=== Section Start ===

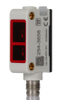 Photoelectric Sensors - 2543658 - RS Components, Ltd.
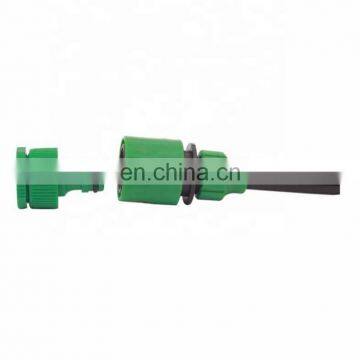 Lazy Automatic Watering Device Adjustable Drip Drip Suit Garden Irrigation Atomization Cooling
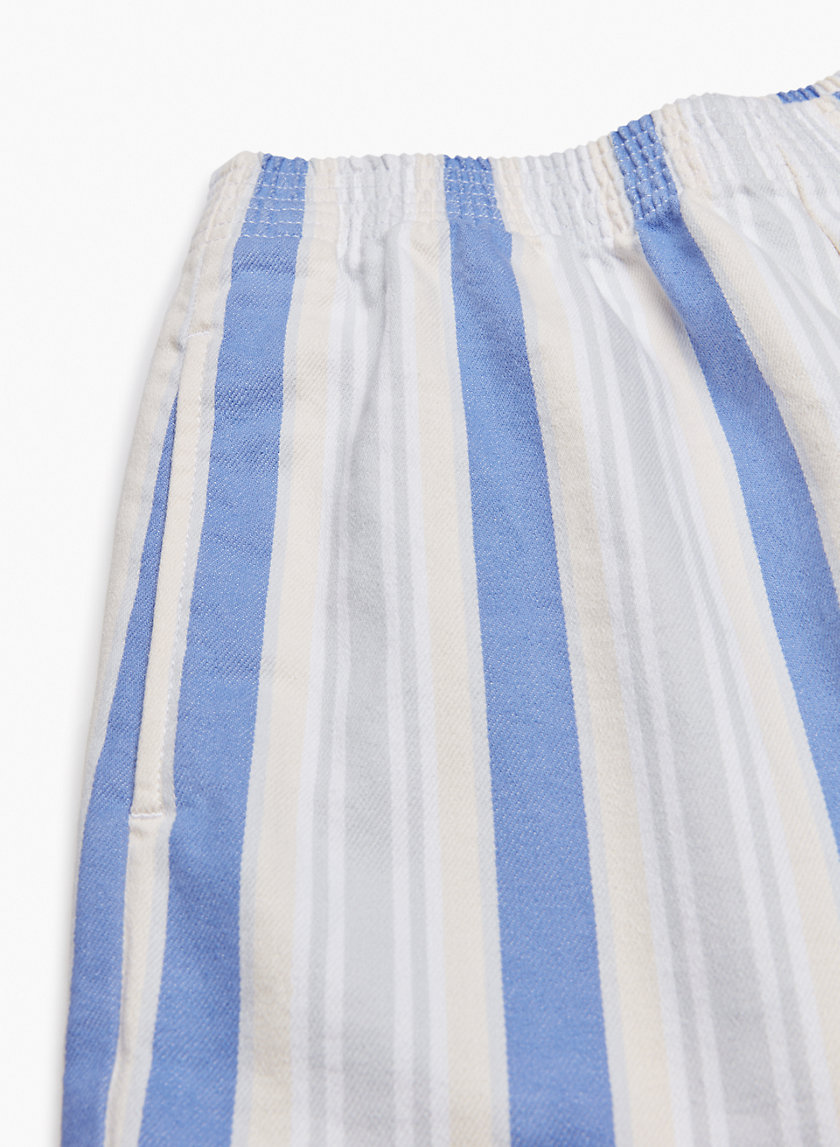 Wilfred Free SHORT 8 CM NOVA | Aritzia CA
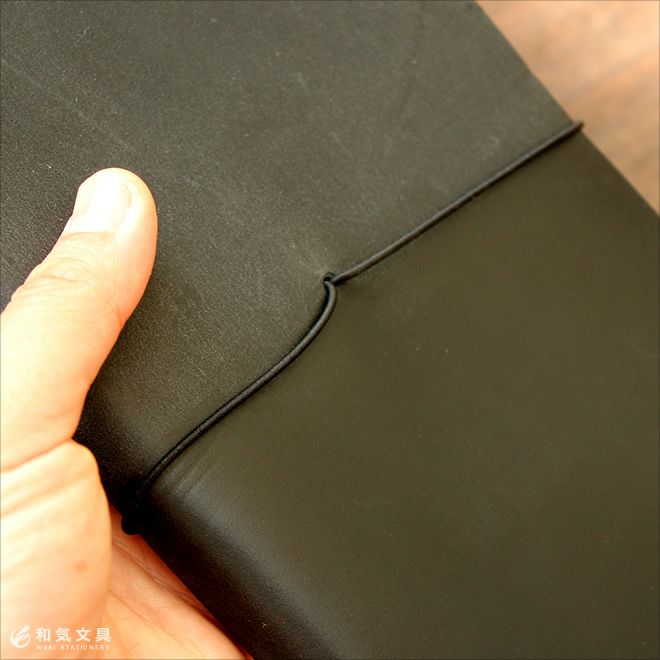 Renapurさま用 Amazon | Renapur(ラナパー) レザートリートメント 100ml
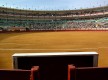 Real Plaza de Toros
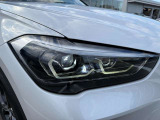 お車のことならなんでもご相談ください!販売から整備までお客様のご要望・ご不安点、一緒にご提案・サポートさせていただきます。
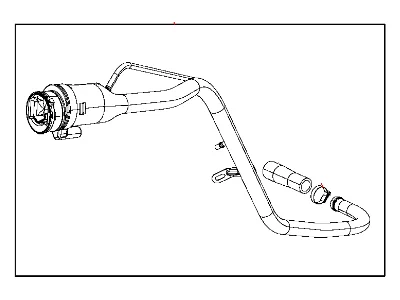 moparpartsgiant3-4087634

=== Section End ===

Only the lines from the one containing "Renapurさま用 Amazon |" through the last line of the entries, both included, should be repeated exactly, and the pictures should be left out.

 Renapurさま用 Amazon | Renapur(ラナパー) レザートリートメント 100ml
 Real Plaza de Toros
 お車のことならなんでもご相談ください!販売から整備までお客様のご要望・ご不安点、一緒にご提案・サポートさせていただきます。
 moparpartsgiant3-4087634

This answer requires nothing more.